In other work, such as Garangula Gallery in New South Wales, owned by a Swiss currency trader, it was less organic and more about taking a specific brief — in this case, the simple direction of “100 artworks, 100 people for dinner”. The idea with Garangula was to carefully display 100 works of Indigenous art but also make the place a sort of banquet hall for the owner when he holds grand dinners. “So the Indigenous art is contained within chambers, almost like caves,” Fender explains, doing a sketch. “But it was designed so that the walls could turn and make this big space down the middle, like a baronial hall.” The walls pivot and the art moves from being contained in intimate, calm spaces, to face out to the 100 guests.

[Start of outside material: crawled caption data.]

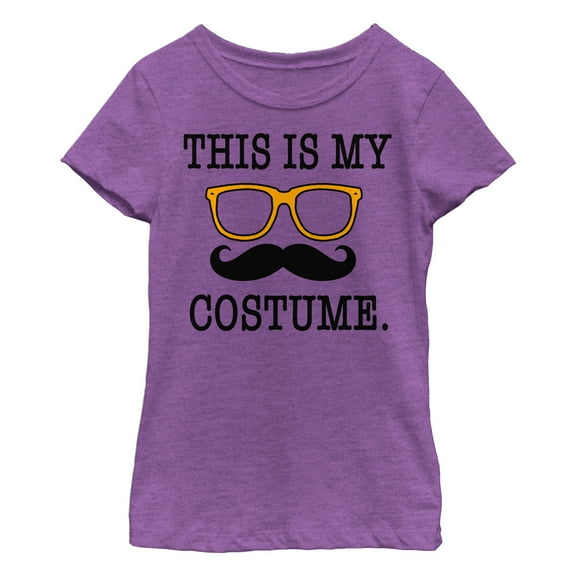 Girl's Lost Gods This is My Costume Graphic Tee Purple Berry X Large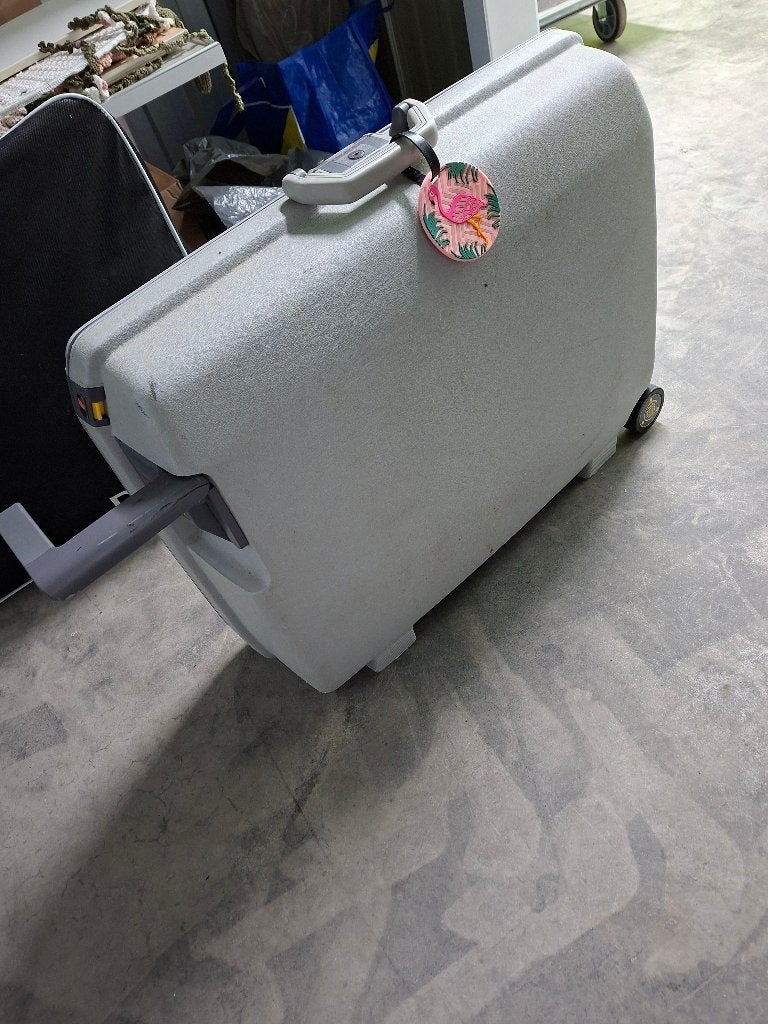 Samsonite koffer 15 euro, Gebruikt, Hard kunststof, 70 cm of meer, Ophalen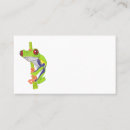 Search for frog business cards Rainforest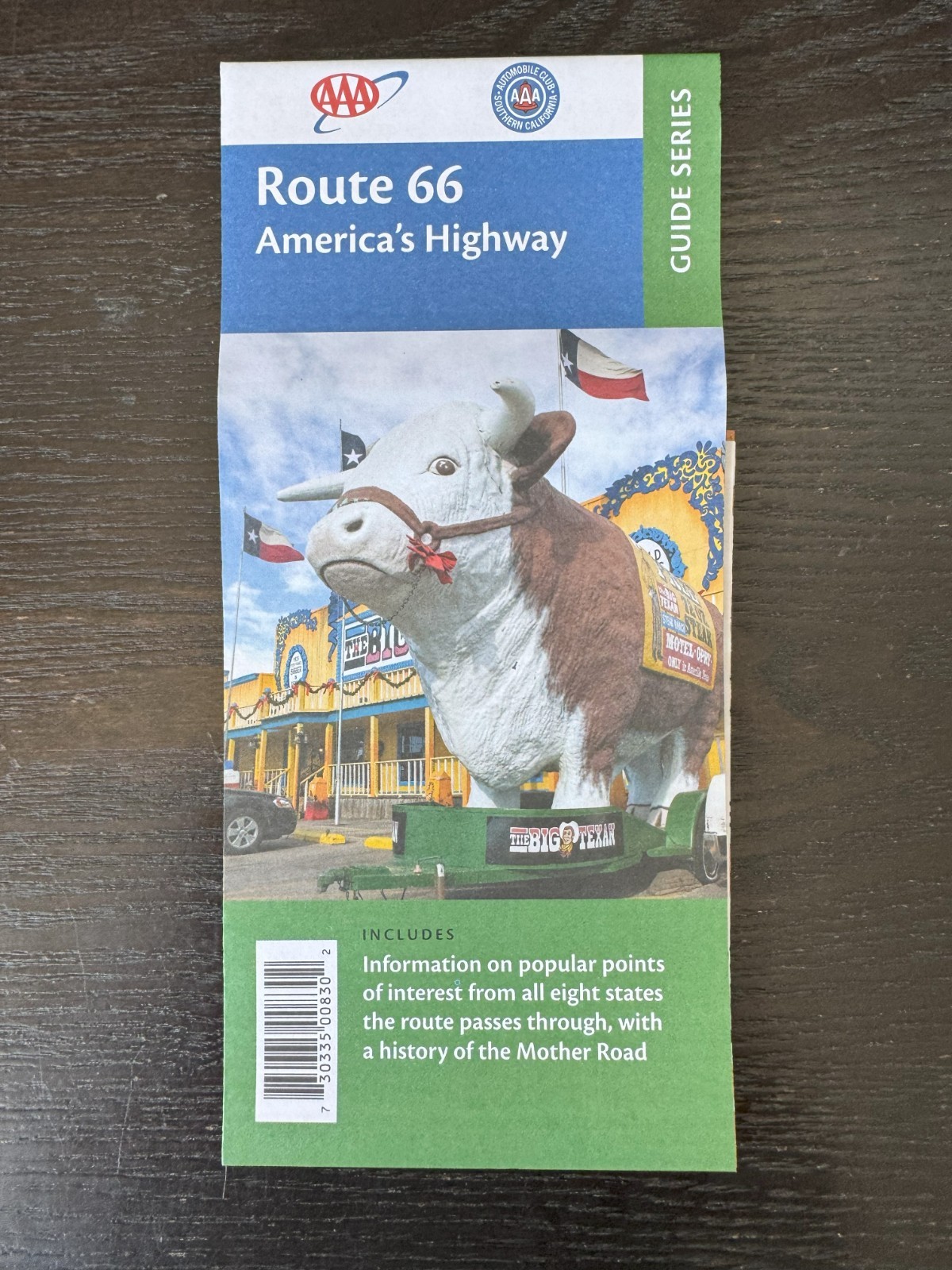 AAA Road Map-The Map of Route 66 American Highway-Guide Series-2020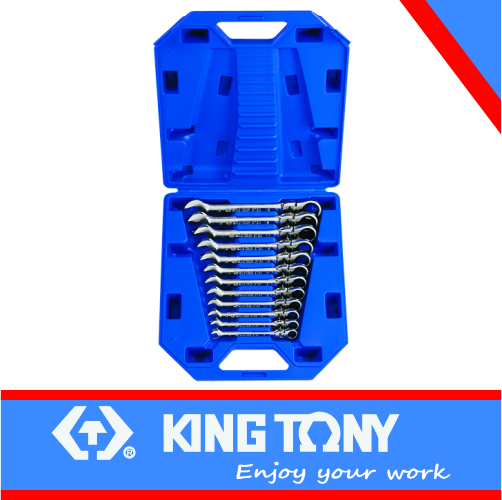 Spanner Set Ratchet Flexible Head 8-19mm 13pc King Tony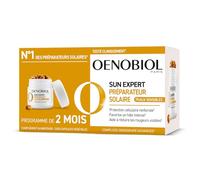 Oenobiol Préparateur solaire Peau sensible – Protection cellulaire renforcée – 2x30 capsules 2 mois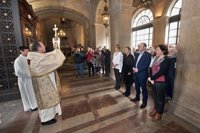 El Ángel de Aralar visita el Palacio de Navarra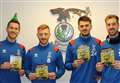 Inverness Caledonian Thistle players join Beards for Bairns charity effort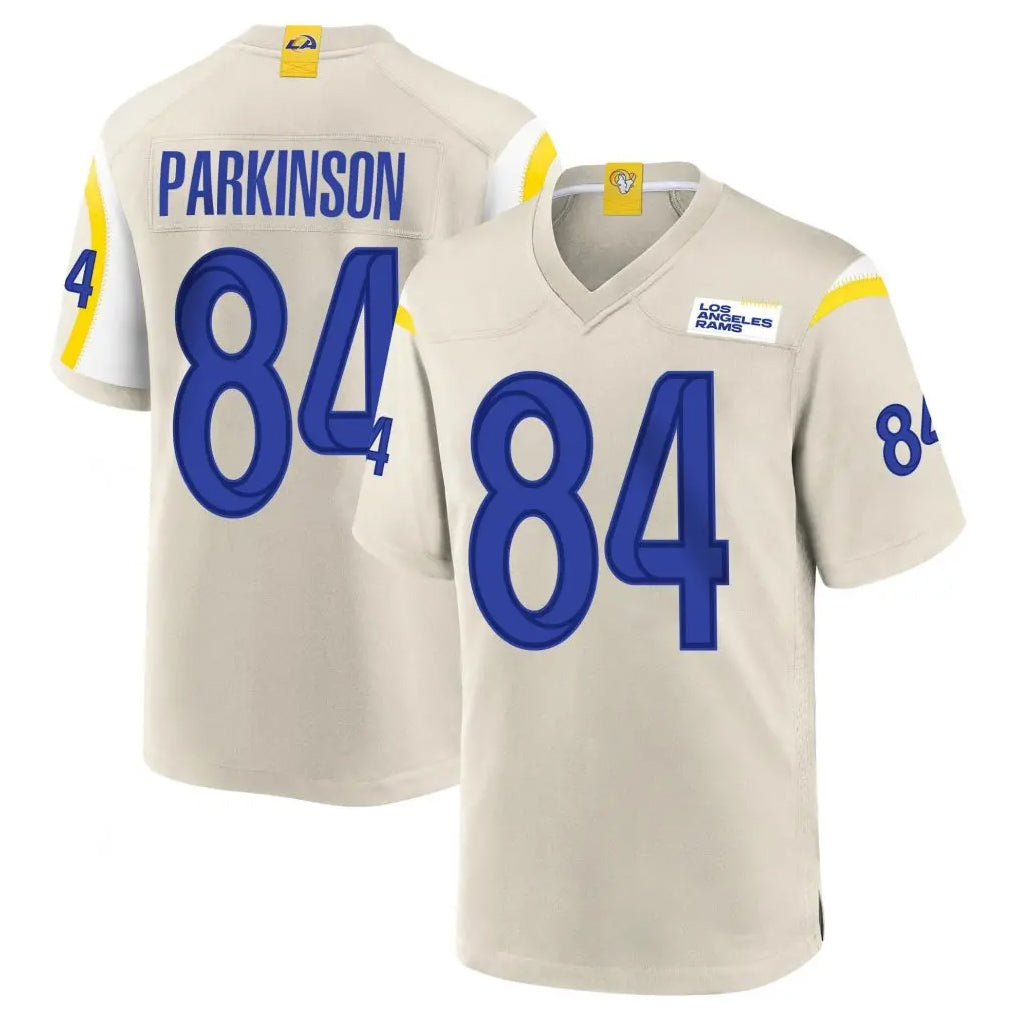 LA.Rams #84 Colby Parkinson Player Bone Home Game BALCE Stitched Jerseys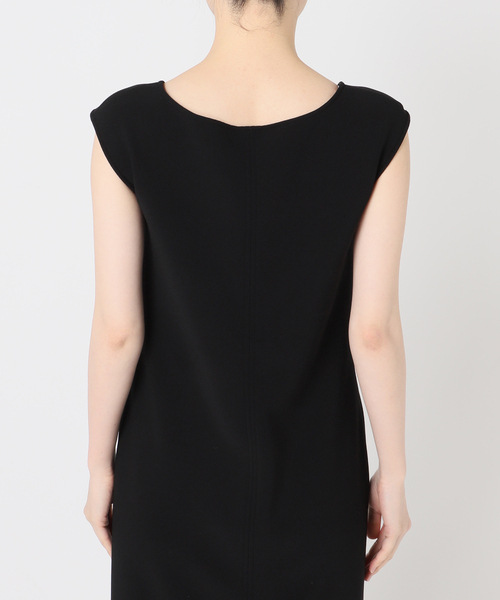 Noble（ノーブル）の「コンフォートジャージー2WAYワンピース（ワンピース・レディース・モカ/ブラック・36/38）」の9枚目の写真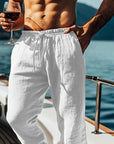 Daniel | Airy Pants featuring Elastic Waistband designed for Men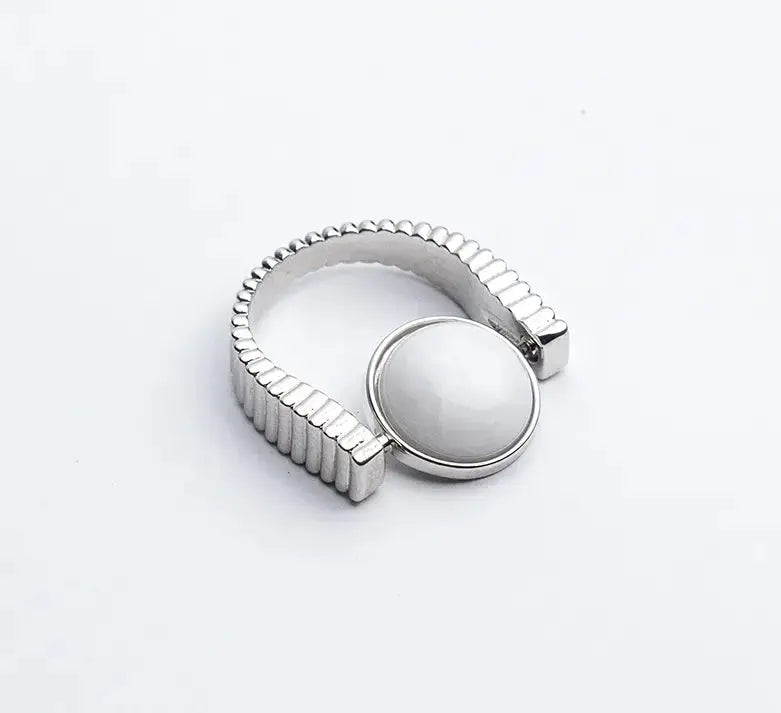 LOVCIA Serenity Spinner Rings - Natural Stone Jewelry for Calm and Inspiration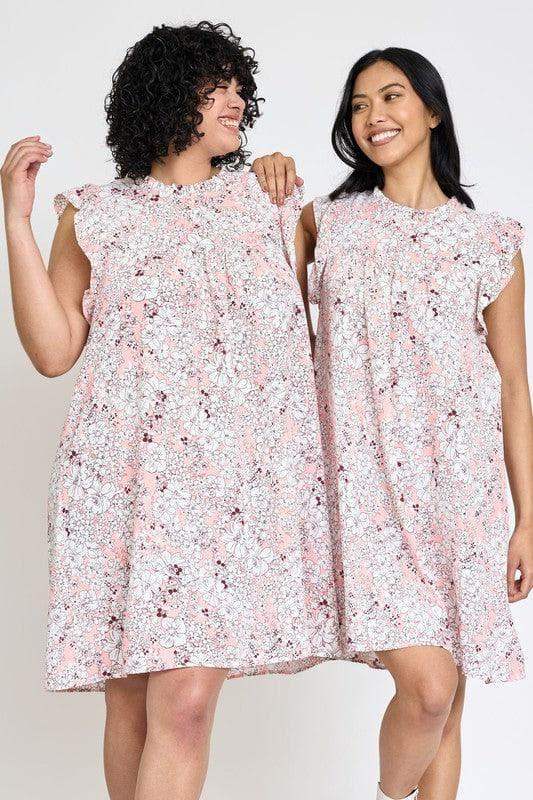 EG Fashion PLUS Spring Ruffle Hem Shift Dress, Multiple Colors in - Dresses photo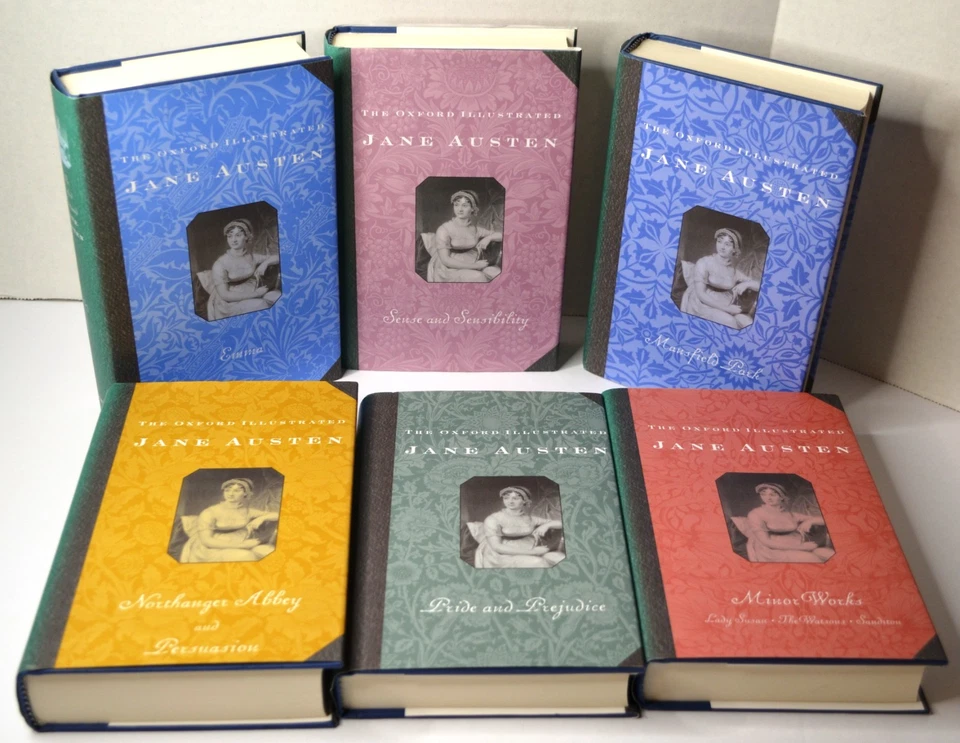 1988 THE OXFORD ILLUSTRATED JANE AUSTEN 6 VOLUME COLLECTION HARDCOVER DJ) - Image 1 of 4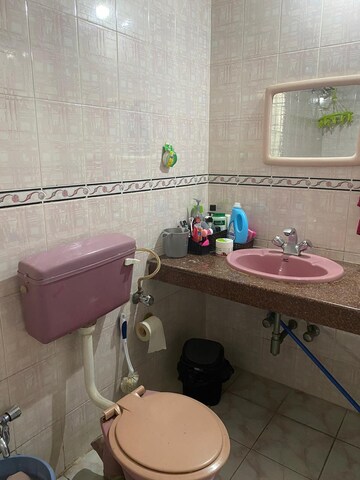 Bathroom in 3 BHK Apartment at Roshma Riviera, Viman Nagar – for Rent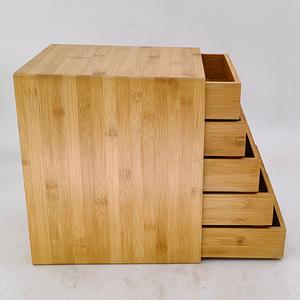 5-Drawer Wooden Desk Organizer - Craft <strong>Storage</strong> Drawers - Rustic Shelf Drawer - Ideal Home Office Organizers and Accessories - Product Image 6
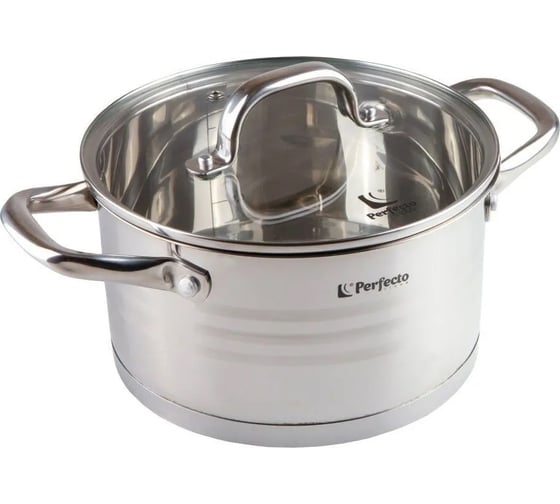 Кастрюля PERFECTO LINEA из нержавеющей стали, 3.4 л, 20x11, серия MILAGROS+ Черпак, серия Cozy Nest 50-002011-1 1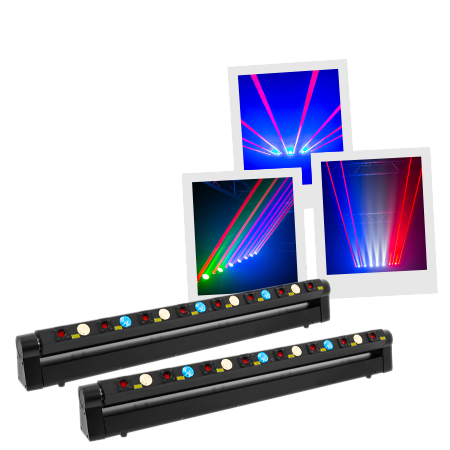 Evolite LASER Bar 8X500 Red (la paire)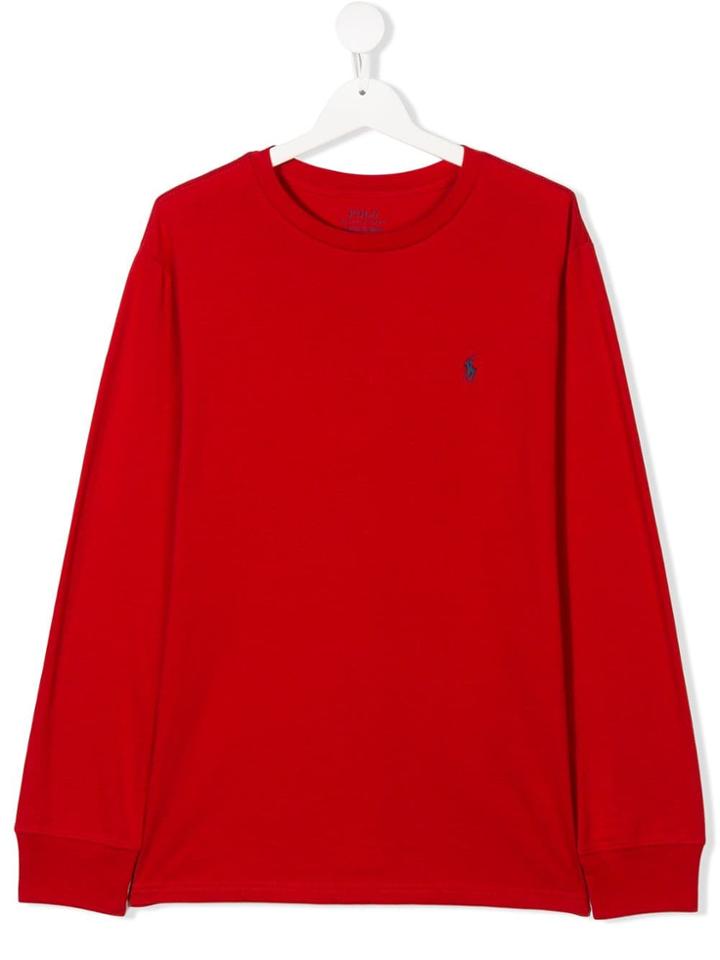 Ralph Lauren Kids Round Neck Jumper - Red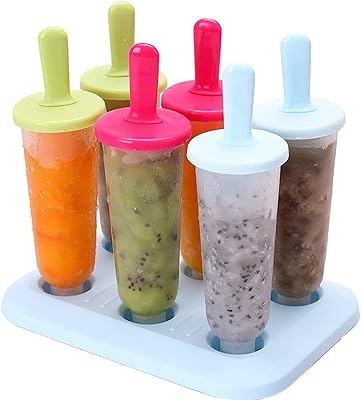 Tonfer Lot of 6 large mixed plastic ice creams, ice molds, ice cream holder for children, kitchen supplies, 202 rooms.. DIAYTAR NIGERIA: Where convenience meets affordability with delivery across Nigeria in under 8 days.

As well, collaborator Mirams worked with artist Jonathan Jones of the local Wiradjuri people to shape some of the external architectural content of the building — animating a water feature near the sculpture courtyard, a corten steel screen and a rammed earth facade.

Likewise, the Bendigo Art Gallery comes to life as Fender illustrates the extraordinary and long-term organic development of the site, beginning with $4.9m of additions over three separate incursions, plus the most recent creation of a new gallery and storage site finished in 2014, with more possibly to come. Beginning with working on three heritage spaces and a site next door occupied by a 1960s motel, the site now has a well-known glassed-in sculpture gallery at the rear, an inviting gateway at the front, and a new exhibition space at the rear that has a central cube-shaped interior that is slightly pivoted to form interesting spaces around it. “Part of the charm of Bendigo Gallery is that it was organic, it just grew and grew,” Fender says. He’s not surprised visitor numbers have skyrocketed since the first addition, under director Tony Ellwood in 1997, to Karen Quinlan’s continuing long-term reign.

In other projects, art has emerged via the ventilation shaft that became an art space at Republic Tower, the heroic classical pillars by Peter Corlett at Melbourne Terrace, and the postmodern façade by Christine O’Loughlin at the Ian Potter Museum of Art, and all have become embedded in the urban fabric. “Sometimes out of those sorts of restrictions [the ventilation shaft] come great opportunities. These things become part of the legend of the city.”

Fender and Katsalidis inadvertently created another such legend at Eureka Tower, which Fender describes as “almost public art”, especially with the whimsy of the red stripe at the top. (“Buildings don’t have to finish with a bloody mast!” he huffs.) ‘”People started saying ‘What’s the red thing?’ and the legend started that it is the blood spilt at the gold rush.”

And who started that myth? Fender smiles, a tricky flash in his eye. “We did.”

Fender Katsalidis: Working Architecture, published by Uro Publications 2017, includes contributions from Leon van Schaik, Graeme Gunn and Peter Wilson.